**Assigned task**
Give again only what runs from the line with "myntra.com Chemistry Round" to the final line of the entries below, exactly as written and without pictures.

**Data extract**
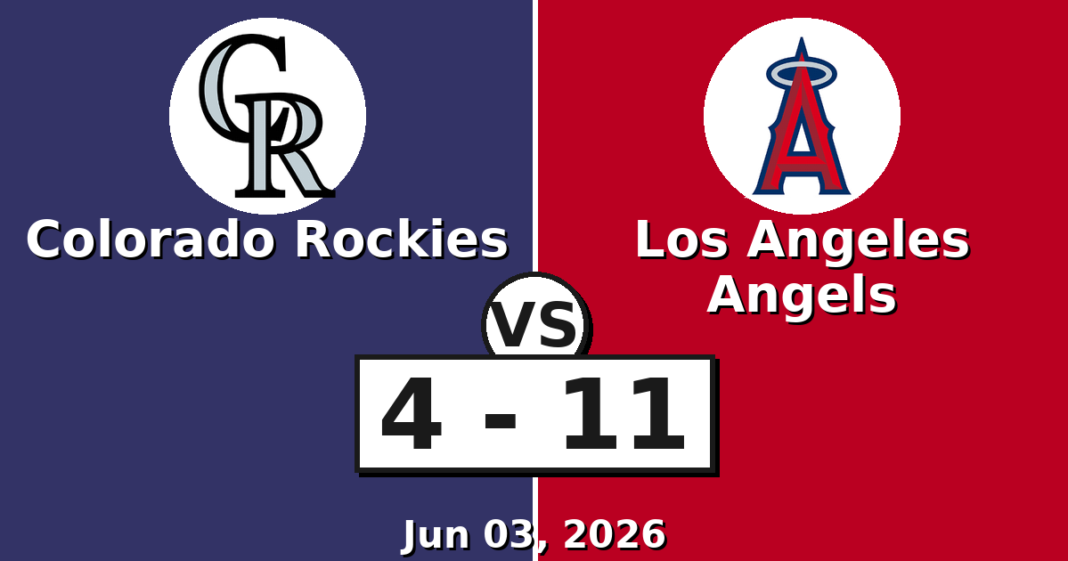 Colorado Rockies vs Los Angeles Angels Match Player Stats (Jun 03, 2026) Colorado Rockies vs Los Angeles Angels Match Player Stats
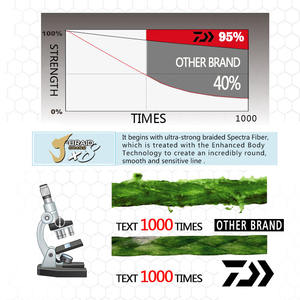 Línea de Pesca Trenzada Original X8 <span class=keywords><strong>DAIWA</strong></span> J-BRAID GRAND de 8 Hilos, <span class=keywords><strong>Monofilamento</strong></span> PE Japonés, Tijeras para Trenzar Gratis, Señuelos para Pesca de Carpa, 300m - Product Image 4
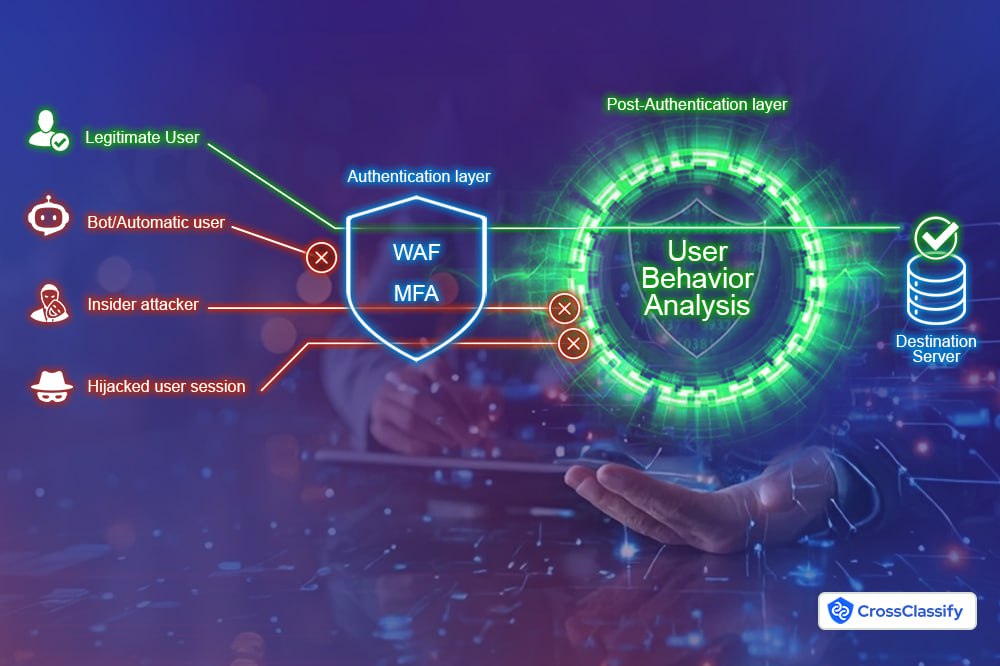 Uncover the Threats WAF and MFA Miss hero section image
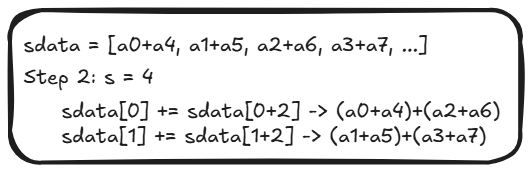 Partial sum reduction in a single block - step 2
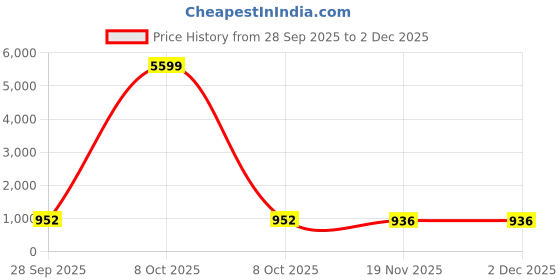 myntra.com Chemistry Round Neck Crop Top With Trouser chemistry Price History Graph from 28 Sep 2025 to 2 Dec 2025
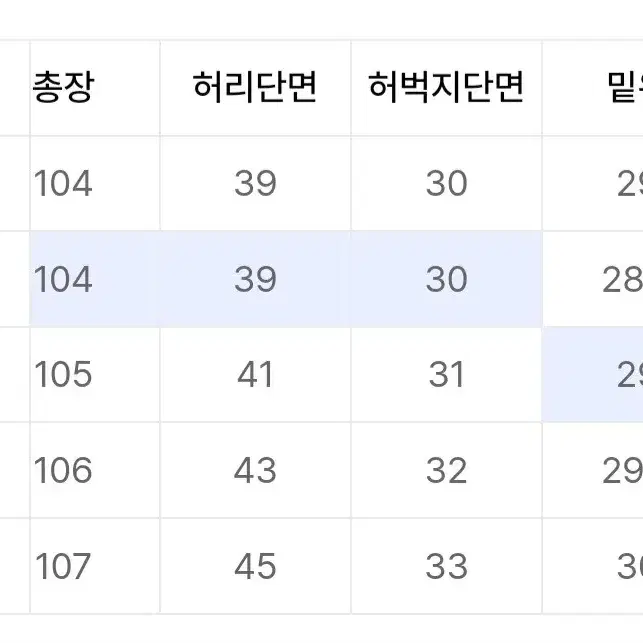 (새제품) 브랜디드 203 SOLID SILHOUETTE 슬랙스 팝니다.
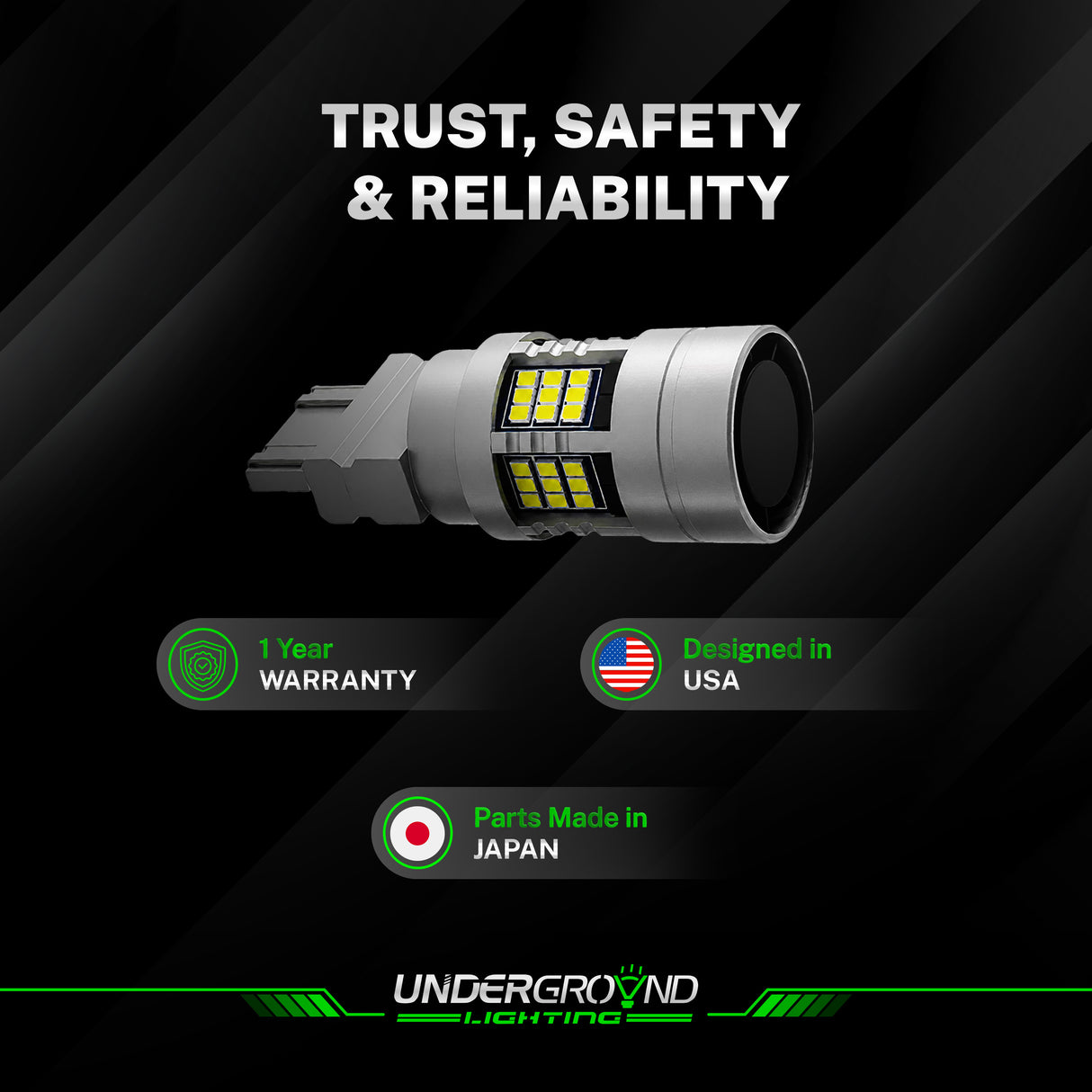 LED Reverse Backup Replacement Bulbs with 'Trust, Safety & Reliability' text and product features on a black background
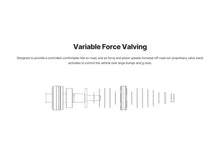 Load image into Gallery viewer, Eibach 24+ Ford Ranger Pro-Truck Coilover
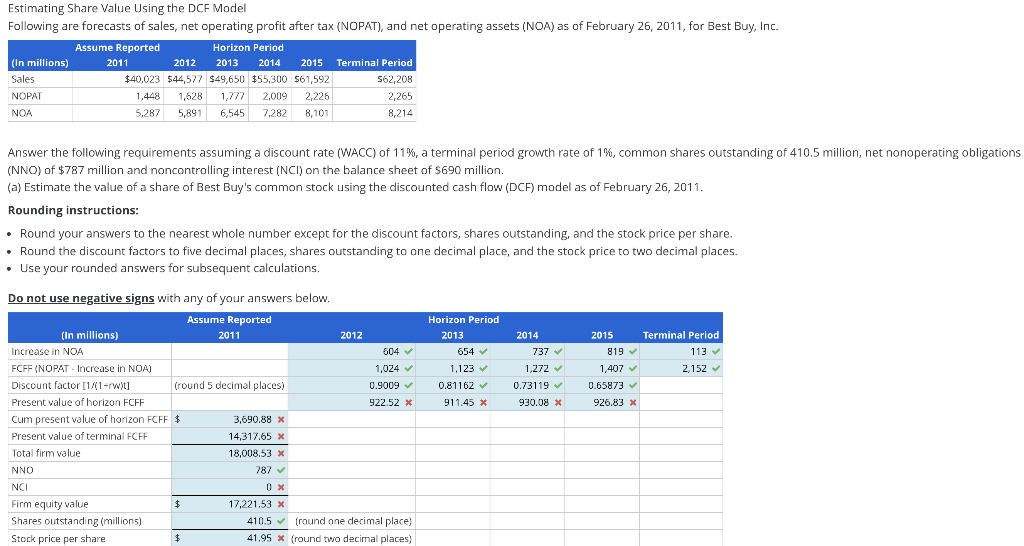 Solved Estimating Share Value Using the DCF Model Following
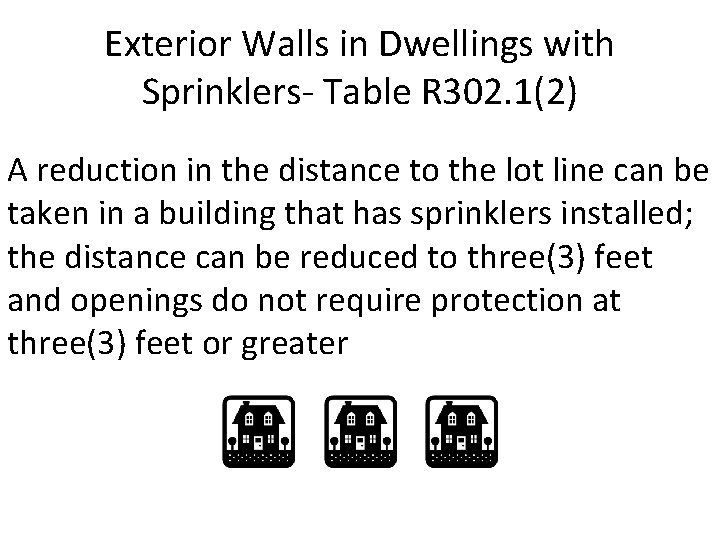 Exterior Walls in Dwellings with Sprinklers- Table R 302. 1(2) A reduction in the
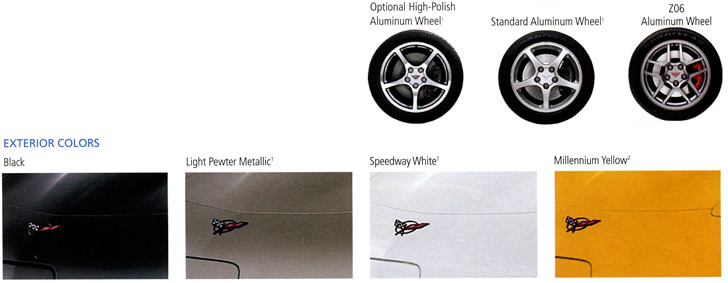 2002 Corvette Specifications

**Output below**
 myntra.com Chemistry Round Neck Crop Top With Trouser chemistry Price History Graph from 28 Sep 2025 to 2 Dec 2025
 (새제품) 브랜디드 203 SOLID SILHOUETTE 슬랙스 팝니다.
 LED Reverse Backup Replacement Bulbs with 'Trust, Safety & Reliability' text and product features on a black background
 Load image into Gallery viewer, Eibach 24+ Ford Ranger Pro-Truck Coilover
 Solved Estimating Share Value Using the DCF Model Following
 Exterior Walls in Dwellings with Sprinklers- Table R 302. 1(2) A reduction in the
 2002 Corvette Specifications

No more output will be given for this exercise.